Январский (1973 г.) общенациональный митинг ингушского народа останется в истории советского государства как явление беспрецедентное: трехдневное стояние более чем 20-ти тысяч людей на центральной площади Грозного завершилось без кровопролития, хотя и не обошлось без насилия правоохранительных органов. Но все это было цветочками по сравнению с ягодками, которые были десятью годами ранее в Новочеркасске, где власти жестоко расправились с протестовавшими против нищеты и бесправия. Поступить подобным образом с ингушами в Грозном было сложно. По всей площади были вывешаны портреты членов Политбюро ЦК КПСС, за трое суток непрерывных выступлений участников митинга с трибуны не прозвучало ни одного антисоветского слова.

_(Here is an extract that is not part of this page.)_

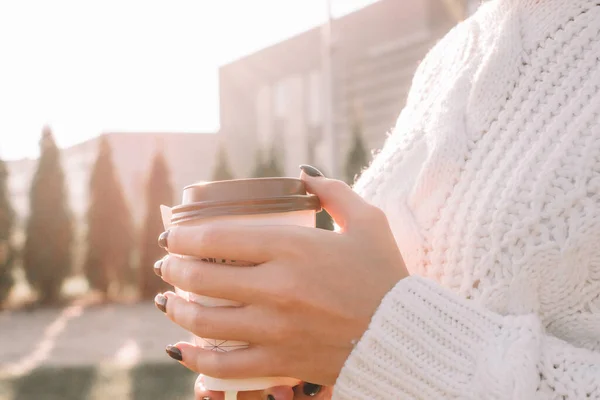 Coffee Cup Happy Young Woman Mug Drink Tea Morning Sunshine — Stock Photo, Image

Напротив, все выступающие начинали свои речи со ссылок на труды В.Ленина, решения съездов КПСС. Единственным требованием митингующих было вернуть в состав Чечено-Ингушетии отторгнутый от нее незаконно (без единого правового акта) решением партийного органа Пригородный район.

Но, прежде чем говорить о митинге подробно, хотелось бы коротко сказать о предшествовавшей ему обстановке.

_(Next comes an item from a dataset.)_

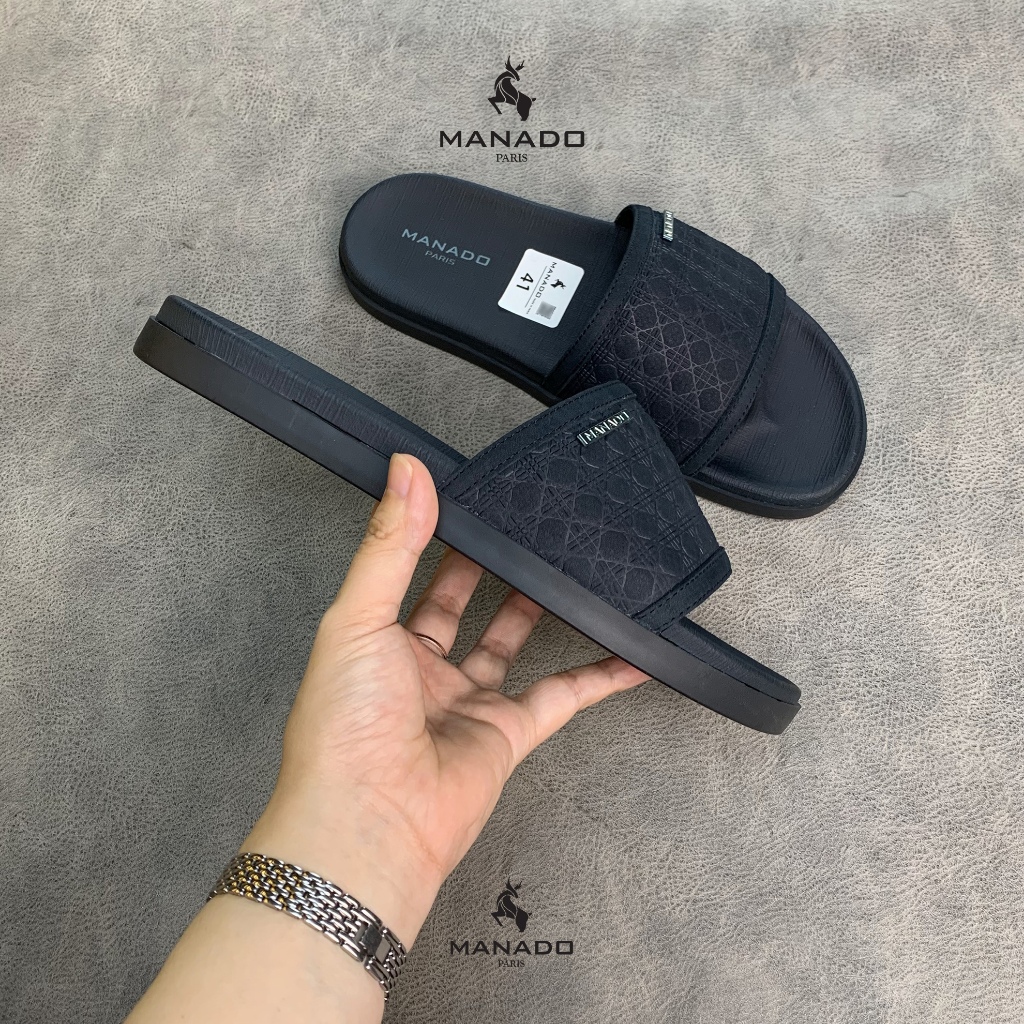 Dép da nam quai ngang cao cấp Manado Mã MND26 fullbox, quai da mềm mại, đế cao su thiết kế chắc chắn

Как известно, возвращение ингушей и чеченцев из депортации было в штыки встречено местной партийной и советской номенклатурой. Для неё это означало необходимость потесниться, освободить места для возвращающихся, что нарушало уже сложившиеся клановые связи. Были отрасли экономики, например, нефтепереработка, нефтехимия, куда доступ ингушам и чеченцам был крайне затруднен. То же самое касалось партийных и советских органов. В 1972 году по Грозному ходили упорные слухи, что некая группа ингушей и чеченцев из 27 коммунистов обратилась в ЦК КПСС с письмом о нарушении ленинской национальной политики в Чечено-Ингушетии. Как выяснилось позже, среди его авторов были 25 ингушей и 2 чеченца. Это письмо осталось без особых последствий для его авторов — приехавшая из ЦК КПСС комиссия ограничилась профилактическими беседами с ними. И тут самое время обратиться к свидетельству непосредственного участника тех событий (он был одним из подписантов письма 27) Ахмеда Сосиевича Куштова.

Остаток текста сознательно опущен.